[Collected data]
○ ○ ○ ○
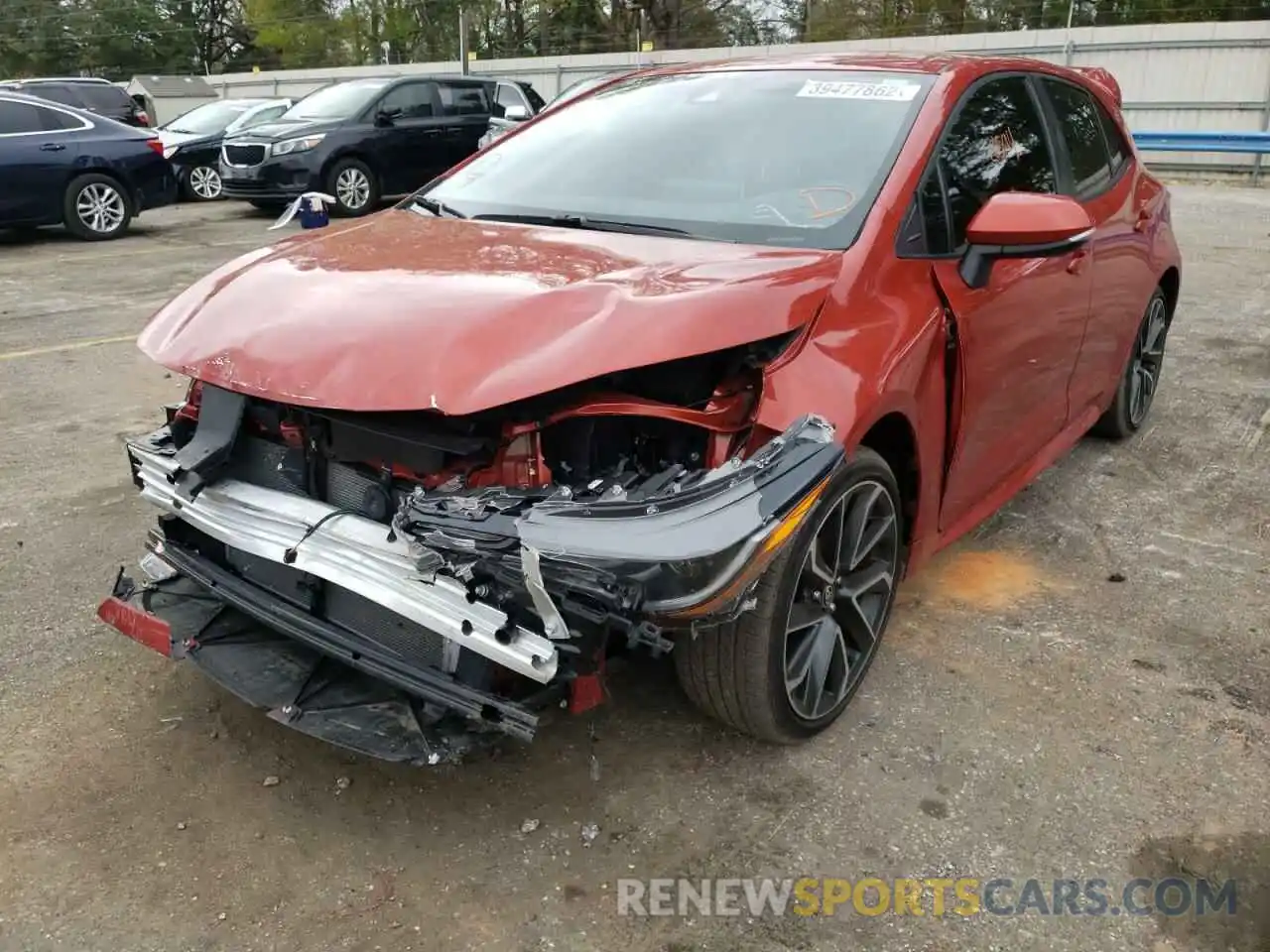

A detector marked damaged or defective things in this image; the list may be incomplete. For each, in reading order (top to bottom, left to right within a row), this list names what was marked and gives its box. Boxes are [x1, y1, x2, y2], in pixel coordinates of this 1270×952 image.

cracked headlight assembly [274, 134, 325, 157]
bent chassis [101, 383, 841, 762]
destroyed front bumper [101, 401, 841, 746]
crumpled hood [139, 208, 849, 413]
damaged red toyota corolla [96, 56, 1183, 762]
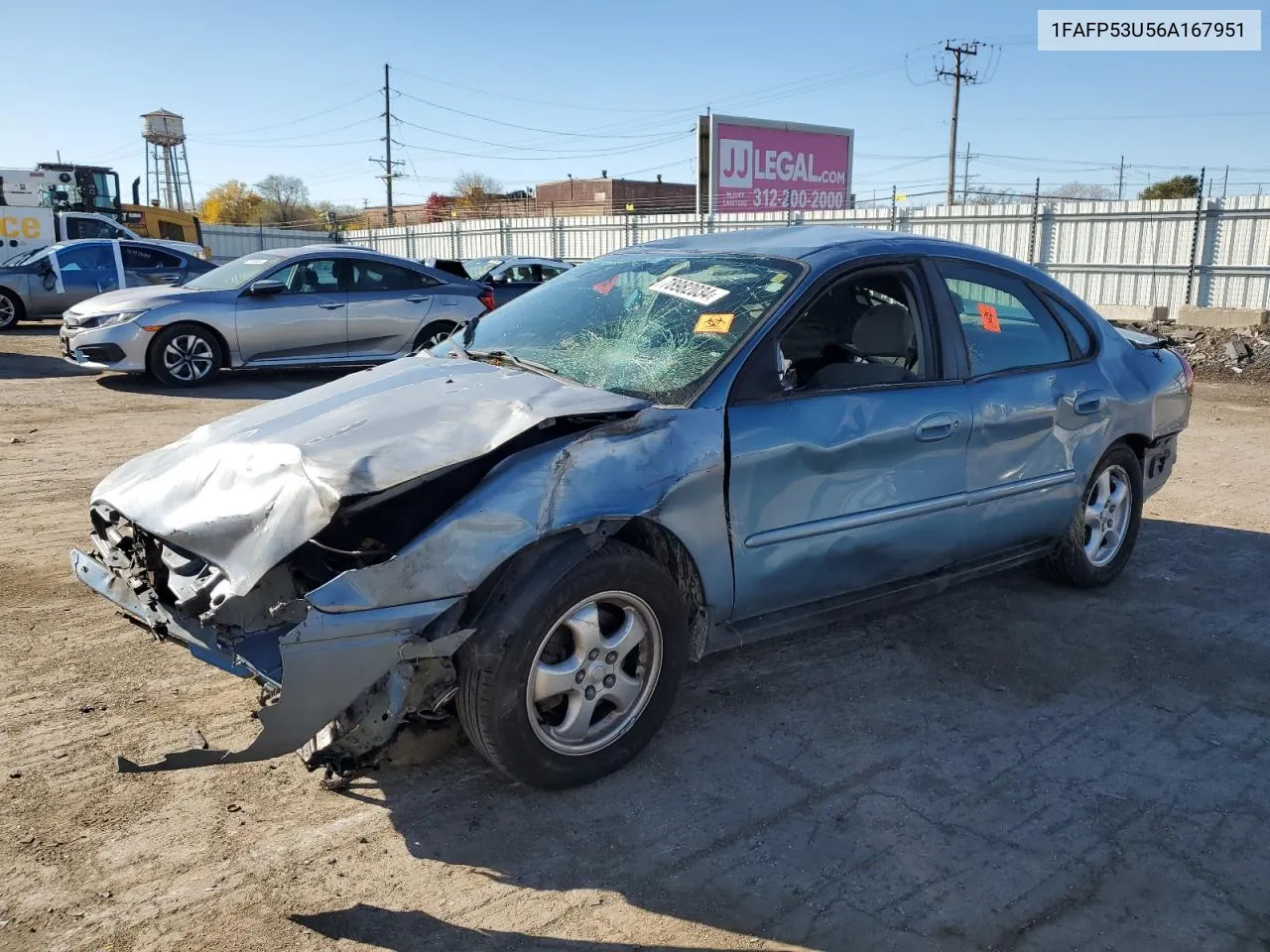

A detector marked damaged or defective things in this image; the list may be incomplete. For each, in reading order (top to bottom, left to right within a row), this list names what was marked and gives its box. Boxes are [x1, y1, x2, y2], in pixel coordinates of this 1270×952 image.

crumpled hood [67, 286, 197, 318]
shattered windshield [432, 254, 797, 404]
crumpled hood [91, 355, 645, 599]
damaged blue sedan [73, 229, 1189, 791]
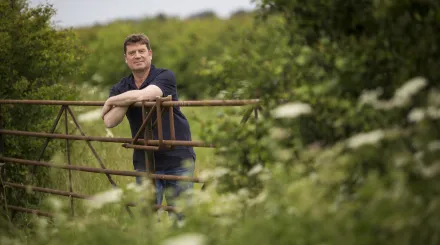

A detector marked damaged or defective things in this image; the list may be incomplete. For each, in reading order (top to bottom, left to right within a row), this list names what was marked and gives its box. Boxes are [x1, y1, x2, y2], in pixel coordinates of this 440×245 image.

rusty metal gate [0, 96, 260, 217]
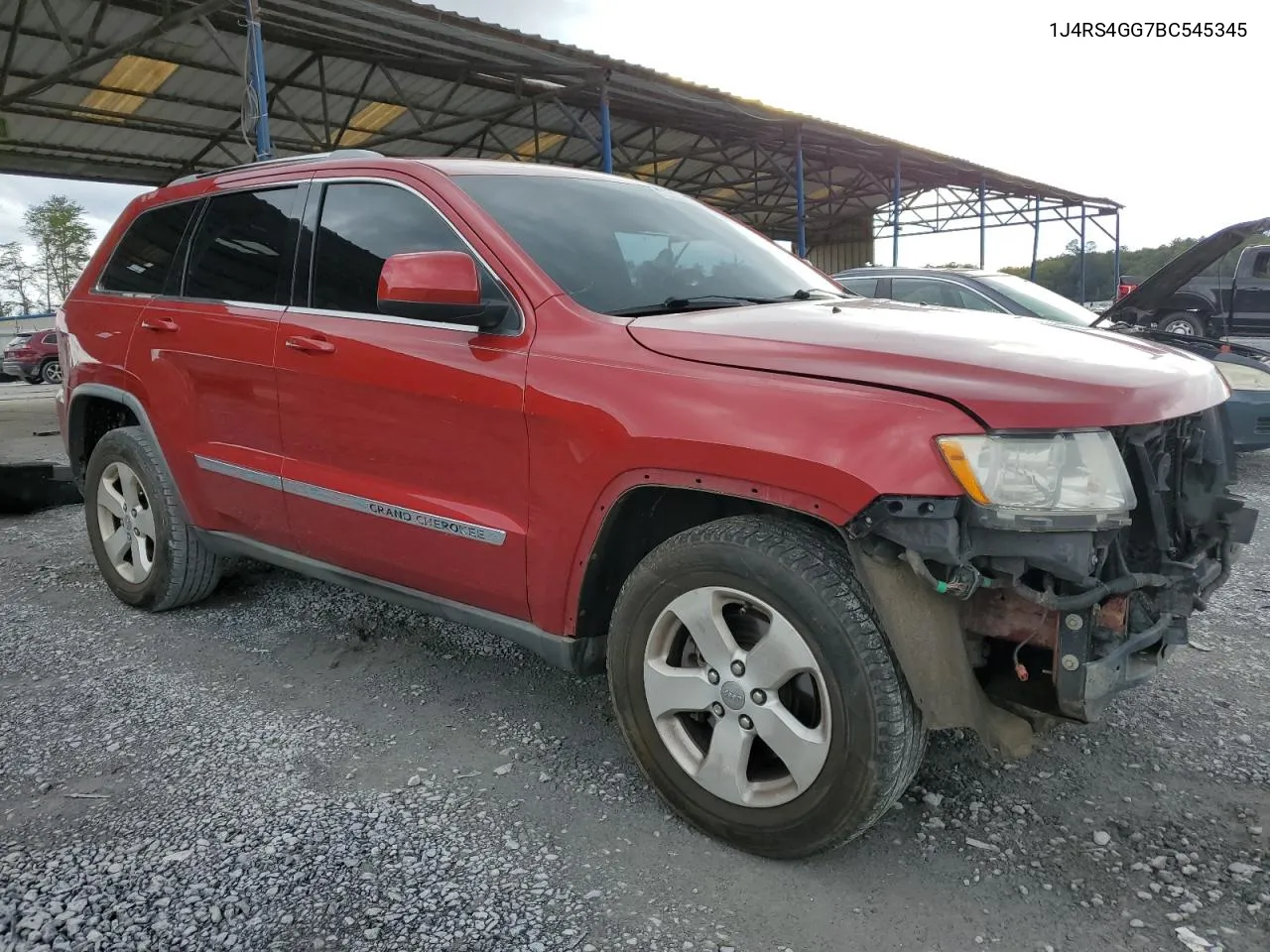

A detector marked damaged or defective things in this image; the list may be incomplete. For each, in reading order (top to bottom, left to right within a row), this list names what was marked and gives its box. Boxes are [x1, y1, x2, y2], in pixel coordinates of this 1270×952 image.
○ ○ ○ ○
(WORK INSTRUCTIONS):
Omit the pictures; print the records above exactly.

(EXPECTED ANSWER):
A detector marked damaged or defective things in this image; the list may be incomplete. For each, in reading order (top to bottom, left to right within a row), this list names what was marked and gives its box. Boxes are [x1, y1, x2, y2], in pixel coordinates of this 1270×952 image.

cracked headlight assembly [274, 134, 325, 157]
bent chassis [101, 383, 841, 762]
destroyed front bumper [101, 401, 841, 746]
crumpled hood [139, 208, 849, 413]
damaged red toyota corolla [96, 56, 1183, 762]

A detector marked damaged or defective things in this image; the list may be incomplete. For each, in reading order (top to bottom, left to right within a row), this list names what was marked and gives its box. Boxes are [x1, y1, x2, y2], in pixel coordinates of this 1270×952 image.

crumpled hood [67, 286, 197, 318]
shattered windshield [432, 254, 797, 404]
crumpled hood [91, 355, 645, 599]
damaged blue sedan [73, 229, 1189, 791]

A detector marked damaged or defective things in this image; the list may be incomplete. For each, in reading order (top to bottom, left to right within a row), this list names what was marked and gives its box. Boxes are [x1, y1, x2, y2], in pixel coordinates of this 440×245 image.

rusty metal gate [0, 96, 260, 217]

A detector marked damaged or defective things in this image; the list may be incomplete. For each, in reading order (top to bottom, left to right within a row), this list names what was marked and gives its box. Boxes are [x1, y1, x2, y2], in pixel coordinates of this 1270×952 image.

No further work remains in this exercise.